Python timeseries analysis with statsmodels and ARIMA¶

Prerequisites¶

For this exercise we will need the statsmodels and pmdarima libraries.

conda install -c conda-forge statsmodels pmdarima

Sources for further exploration:

Resource for online time series data¶

Imports¶

import numpy as np
import matplotlib.pyplot as plt
import statsmodels.api as sm
from statsmodels.tsa.seasonal import seasonal_decompose
from statsmodels.tsa.stattools import adfuller
from statsmodels.tsa.arima.model import ARIMA

# One of the modules reports prodigious warnings so we will just hide these ;)
import warnings
warnings.filterwarnings("ignore")

What is time series data?¶

A time series is a sequence of data points organized in time order.
Usually, the time signal is sampled at equally spaced points in time.
These can be represented as the sequence of the sampled values.
We refer to this setting as discrete time.

Time series components¶

We will start learning about time series data by building up a synthetic timeseries dataset to understand the different components of time series, which are often assumed to be composed of three components:

Trend: the long-term direction.
Seasonality: the periodic behavior.
Residuals: the irregular fluctuations.

Trend¶

Trend captures the general direction of the time series.
For example, increasing number of passengers over the years despite seasonal fluctuations.
Trend can be increasing, decreasing, or constant.
It can increase/decrease in different ways over time (linearly, exponentially, etc…).

time = np.arange(144)
trend = time * 2.65 +100

plt.figure(figsize=(12, 4))

plt.plot(time, trend, color='tab:red')
plt.xlabel("Time")
plt.ylabel("Valule")
plt.grid()
plt.title("Trend vs Time");

Seasonality¶

Periodic fluctuations in time series data that occur at regular intervals due to seasonal factors.
It is characterized by consistent and predictable patterns over a specific period (e.g., daily, monthly, quarterly, yearly).

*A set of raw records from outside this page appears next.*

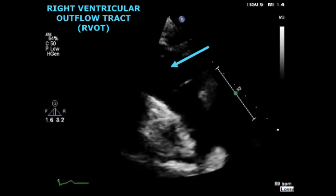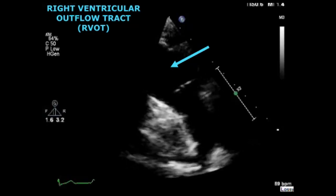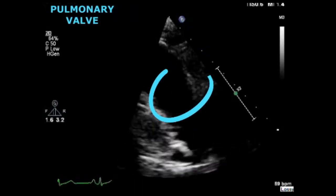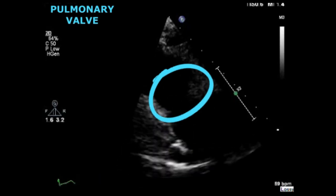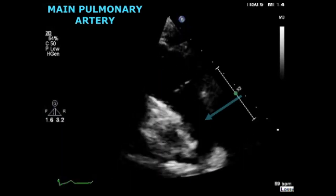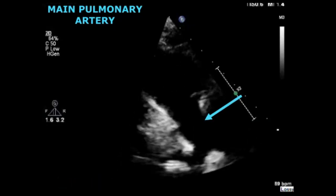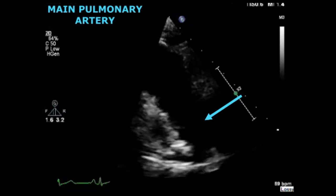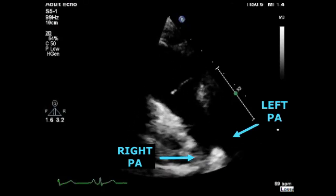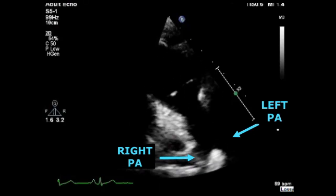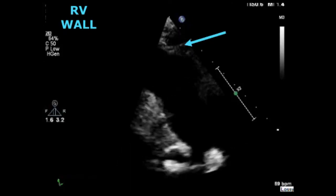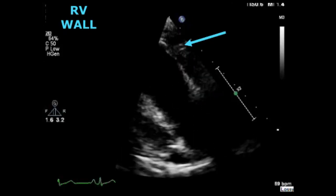Now continuing to the right ventricular outflow view: at the top you can see the right ventricular outflow tract. After the RVOT you can visualize the pulmonary valve. Under the pulmonary valve we have the main pulmonary artery, which divides into two branches. On the right hand side you will be able to see the left pulmonary artery, and on the left hand side you can see the right pulmonary artery. To finalize, at the top we can see a small segment of the right ventricular wall.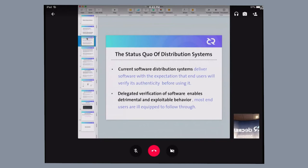Current software distribution systems are relying on end-users to perform the legitimate verification of software that they receive.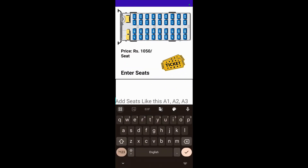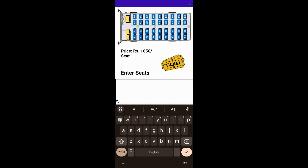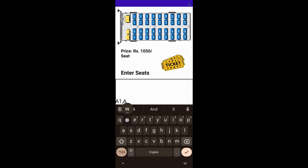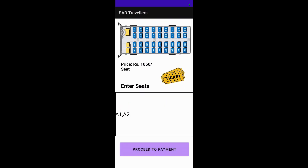Now we will be selecting the seat numbers. Then we proceed to the payment step.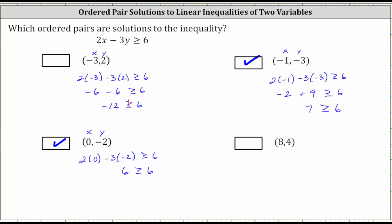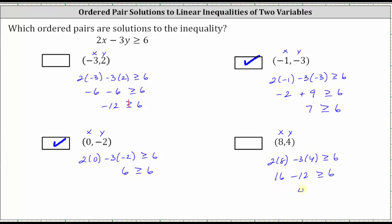For the last ordered pair, we substitute eight for x and four for y. Performing this substitution, we have two times eight minus three times four, greater than or equal to six. On the left, two times eight is 16, and then minus three times four is minus 12, greater than or equal to six. 16 minus 12 is four, giving us four greater than or equal to six.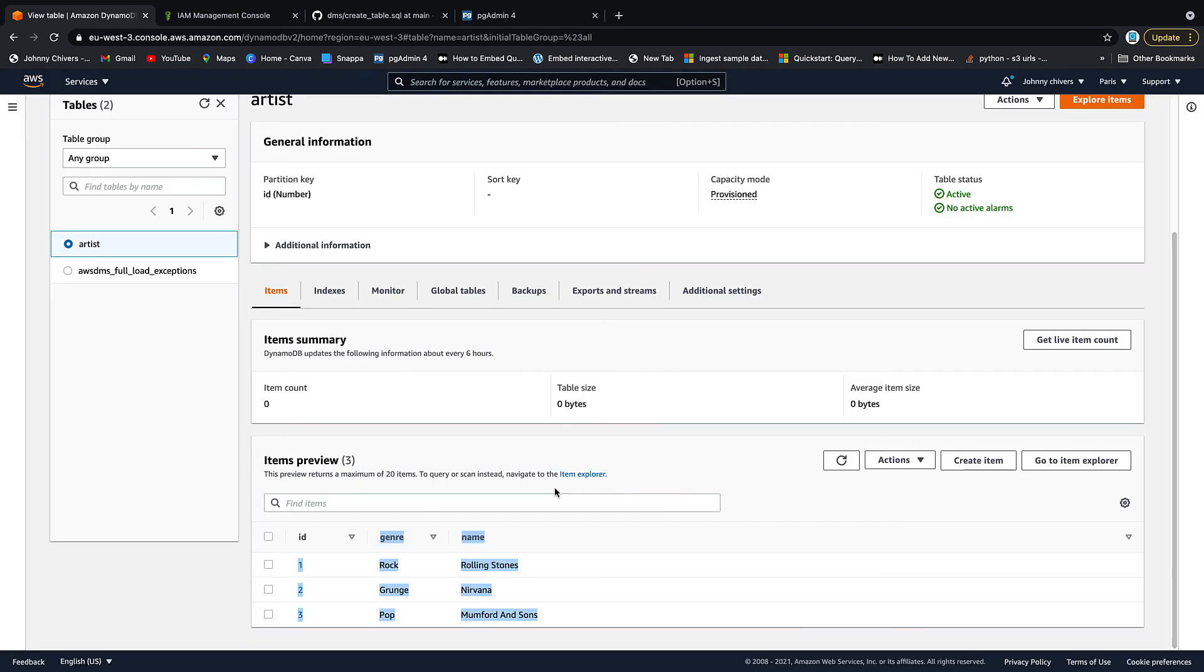So that's everything for today, guys. As you can see, actually setting up your source and targets for replication at the beginning is more complex than DMS itself. It's a really great service to do those migration patterns that were a real headache before such a thing existed. So that being said, I've been Johnny Chivers. I'll make everything for free as usual on my website, www.johnnychivers.co.uk. And until next time, guys, thanks for watching.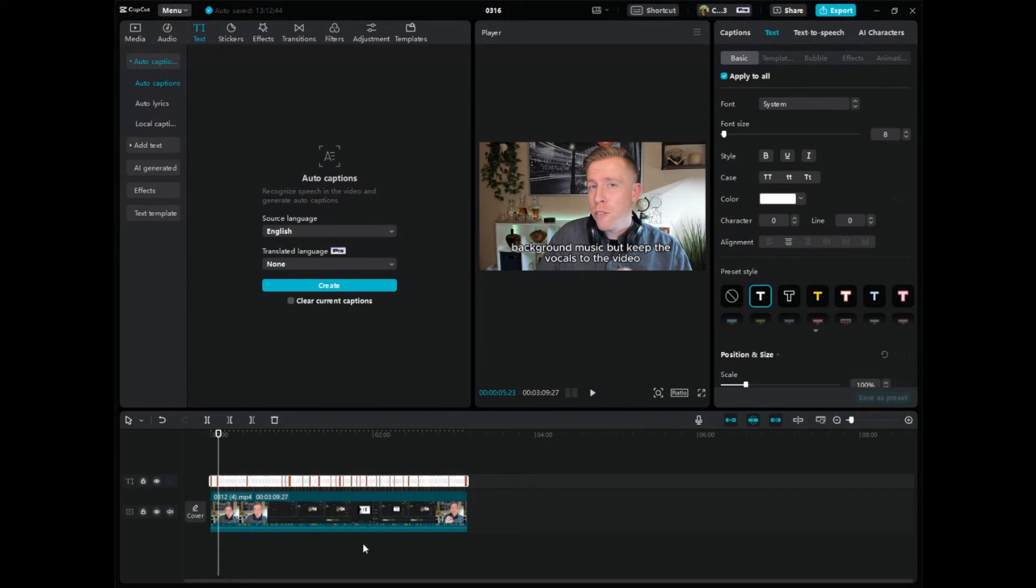Hopefully this video helped you learn how to add auto captions in CapCut. Please consider subscribing. I'm just a video editing nerd slash creator. I have like 10 YouTube channels. Hit me up in the comments if you have further questions. All right, guys. Peace.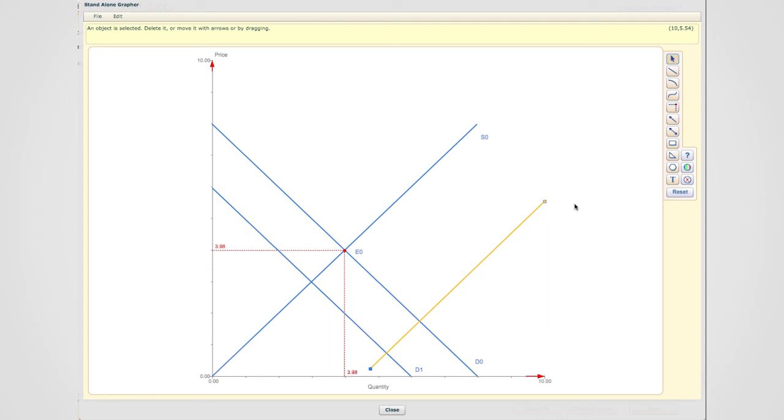So because we don't know from the given information which size of shift is bigger in comparison to the others, we're going to have to consider all scenarios. So we're going to have to consider same size, smaller size, and larger size shifts in supply compared to demand.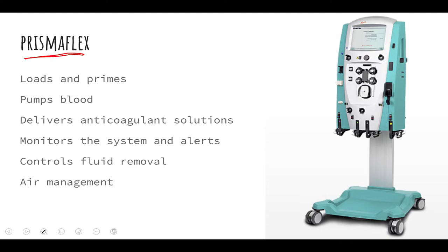In this video we're going to talk about the Prismaflex — the machine that is mostly used to carry out CRRT. The Prismaflex does many things for us: it loads and primes the pump with blood, it pumps the blood to and from the patient, and it delivers anticoagulant solutions while the blood is running through the machine. The need for anticoagulant is to prevent clots, since every time you're moving blood outside of the body there's a high risk of clotting. The Prismaflex device also monitors the system and alerts us — if there are any kinks or anything out of the ordinary, it has a good alert system.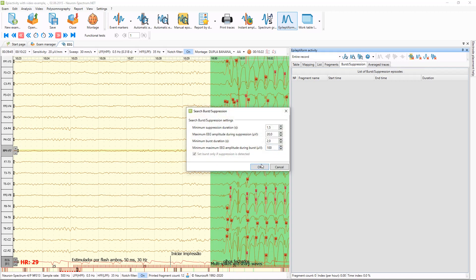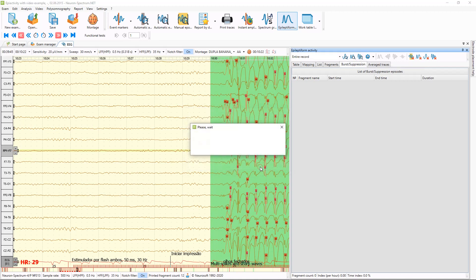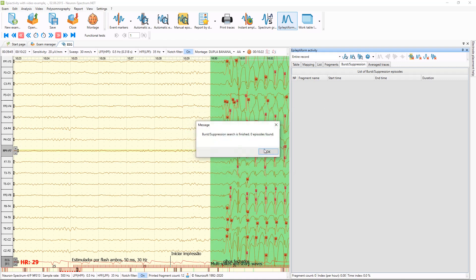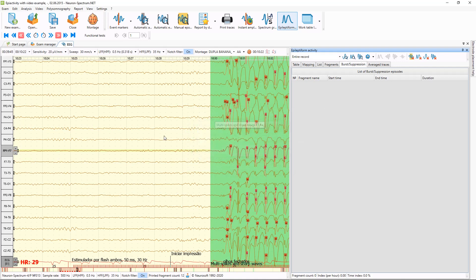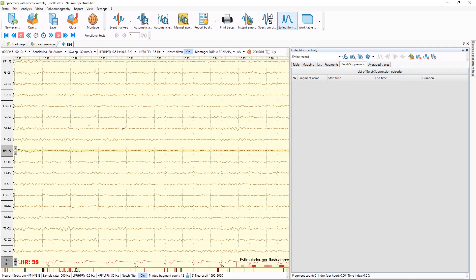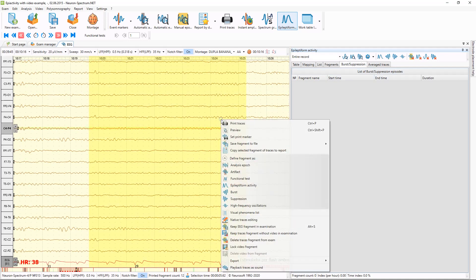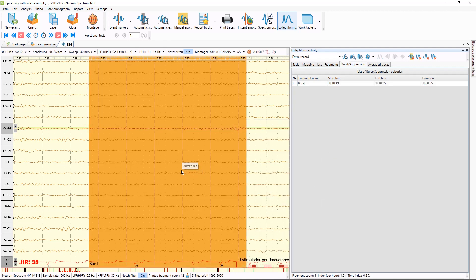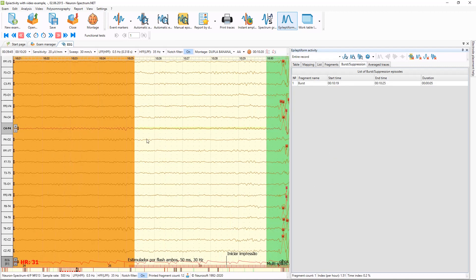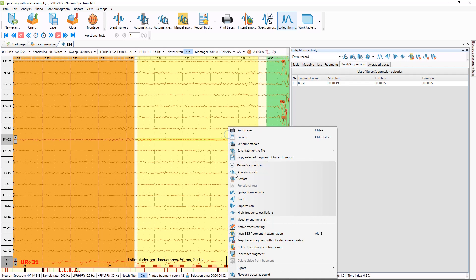And burst suppression episodes — we can also use automatic searching of such episodes, or we can mark them manually. On this examination there are no burst suppression episodes, but we can still mark them manually, like this — marking a burst and a suppression.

seasonal = 20 + np.sin( time * 0.5) * 20

plt.figure(figsize=(12, 4))

plt.plot(time, seasonal, color='tab:orange')
plt.xlabel("Time")
plt.ylabel("Value")
plt.grid()
plt.title("Seasonality");

Residuals¶

Residuals are the random fluctuations left over after trend and seasonality are removed from the original time series.
One should not see a trend or seasonal pattern in the residuals.
They represent short term, rather unpredictable fluctuations.

residuals = np.random.normal(loc=0.0, scale=3, size=len(time))

plt.figure(figsize=(12, 4))

plt.plot(time, residuals, color='tab:green')
plt.xlabel("Time")
plt.ylabel("Value")
plt.grid()
plt.title("Residuals");

Timeseries Models & Decomposition¶

Time series components can be decomposed with the following models:

Additive decomposition
Multiplicative decomposition
Other more complicated models that we won’t discuss

Additive model¶

Additive models assume that the observed time series is the sum of its components:

X(t) = T(t) + S(t) + R(t)

where:

X(t) is the time series
T(t) is the trend
S(t) is the seasonality
R(t) is the residual

Additive models are used when the magnitudes of the seasonal and residual values do not depend on the level of the trend.

additive = trend + seasonal + residuals

plt.figure(figsize=(12, 4))

plt.plot(time, additive, color='tab:blue')
plt.xlabel("Time")
plt.ylabel("Value")
plt.grid()
plt.title("Residuals");

Multiplicative Model¶

Assumes that the observed time series is the product of its components:

X(t) = T(t) * S(t) * R(t)

Multiplicative models are used when the magnitudes of seasonal and residual values depends on trend.

multiplicative = trend * seasonal # * np.abs(residuals) # <- Plotting w/o residuals to show the pattern

plt.figure(figsize=(12, 4))

plt.plot(time, multiplicative, color='tab:blue')
plt.xlabel("Time")
plt.ylabel("Value")
plt.grid()
plt.title("Multiplicative");

Now we have seen how to build up a time series from component parts. In reality this is not the way that it works, typically we will have a timeseries dataset from observations and we would like to figure out what the different components are. A very simple, yet often useful, approach is to estimate a linear trend. A detrended time series is obtained by subtracting the linear trend from the data. The linear trend is computed as a 1st order polynomial.

slope, intercept = np.polyfit(np.arange(len(additive)), additive, 1) # estimate line coefficient

trend = np.arange(len(additive)) * slope + intercept # linear trend

detrended = additive - trend # remove the trend

plt.figure(figsize=(12, 4))
plt.plot(additive, label='Original')
plt.plot(trend, label='Trend')
plt.plot(detrended, label='Detrended')
plt.grid()
plt.legend();

Additive Decomposition¶

Next, we will use seasonal_decompose to isolate the main time series components.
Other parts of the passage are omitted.